● Assignment
Your reply should reproduce the data below without a single alteration, apart from dropping the images.
--- The data ---
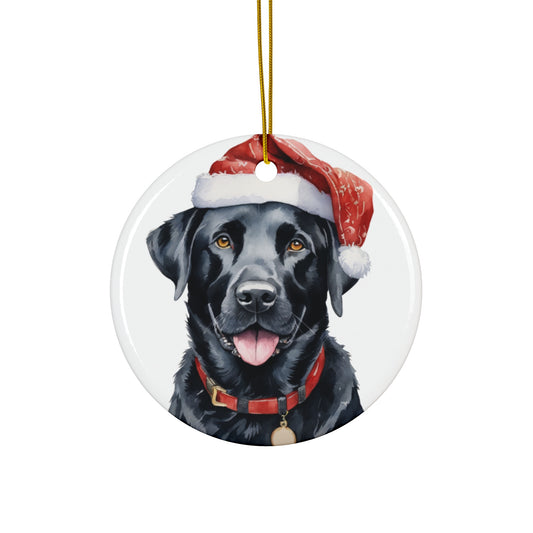 Ceramic Ornament - Labrador Retriever With Santa Hat      Item #5880646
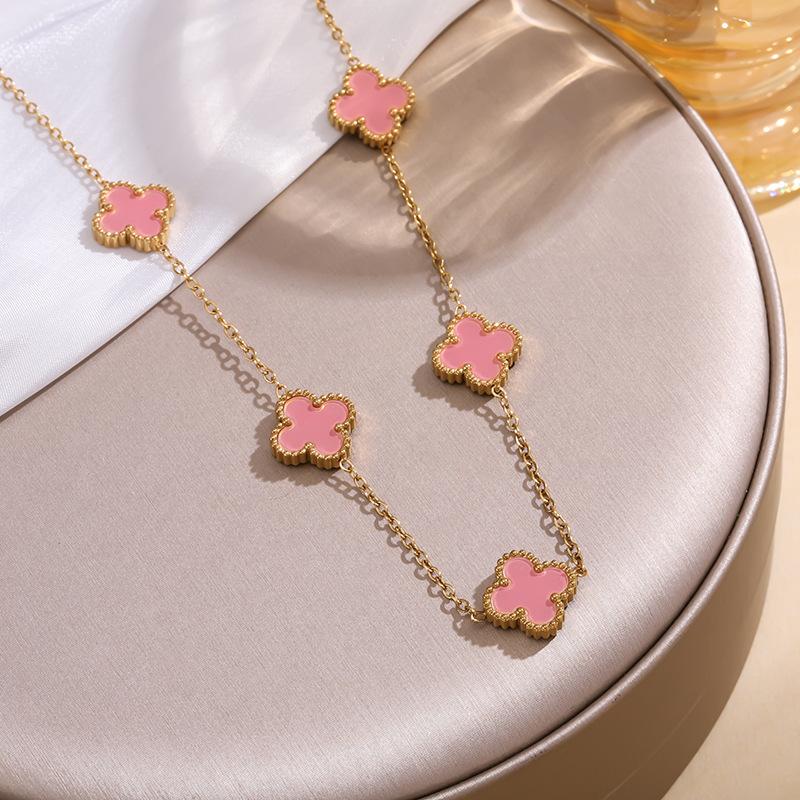 13 мм титановая сталь четырехлистный клевер пять цветков двухстороннее ожерелье Beimu 18-каратное настоящее позолоченное не выцветающее легкое роскошное ключичное ожерелье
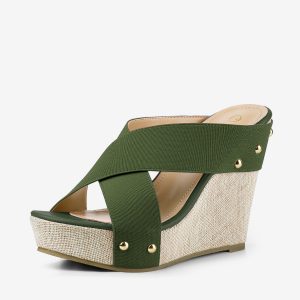 Crisscrossing Strap Platform Slide Wedge Sandals Dark Green/8.5 - Allegra K catalog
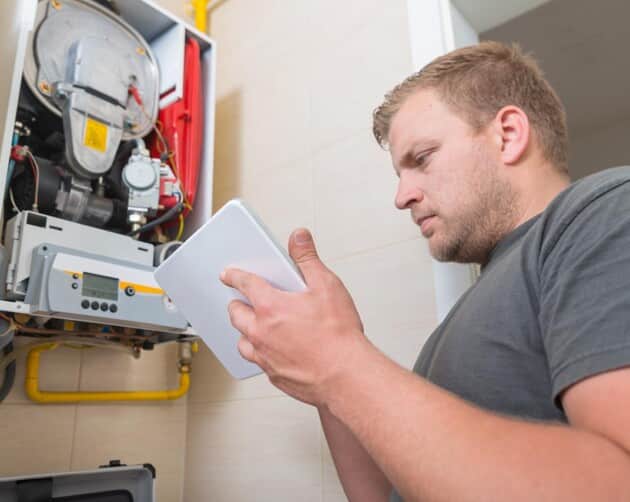 A man in a gray t-shirt is using RepairSense on his tablet as he examines the open, wall-mounted boiler. Exposed internal components and yellow pipes are visible, showcasing the intricate details he's navigating with ease. ©Mobysoft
---
● Exercise answer
 Ceramic Ornament - Labrador Retriever With Santa Hat      Item #5880646
 13 мм титановая сталь четырехлистный клевер пять цветков двухстороннее ожерелье Beimu 18-каратное настоящее позолоченное не выцветающее легкое роскошное ключичное ожерелье
 Crisscrossing Strap Platform Slide Wedge Sandals Dark Green/8.5 - Allegra K catalog
 A man in a gray t-shirt is using RepairSense on his tablet as he examines the open, wall-mounted boiler. Exposed internal components and yellow pipes are visible, showcasing the intricate details he's navigating with ease. ©Mobysoft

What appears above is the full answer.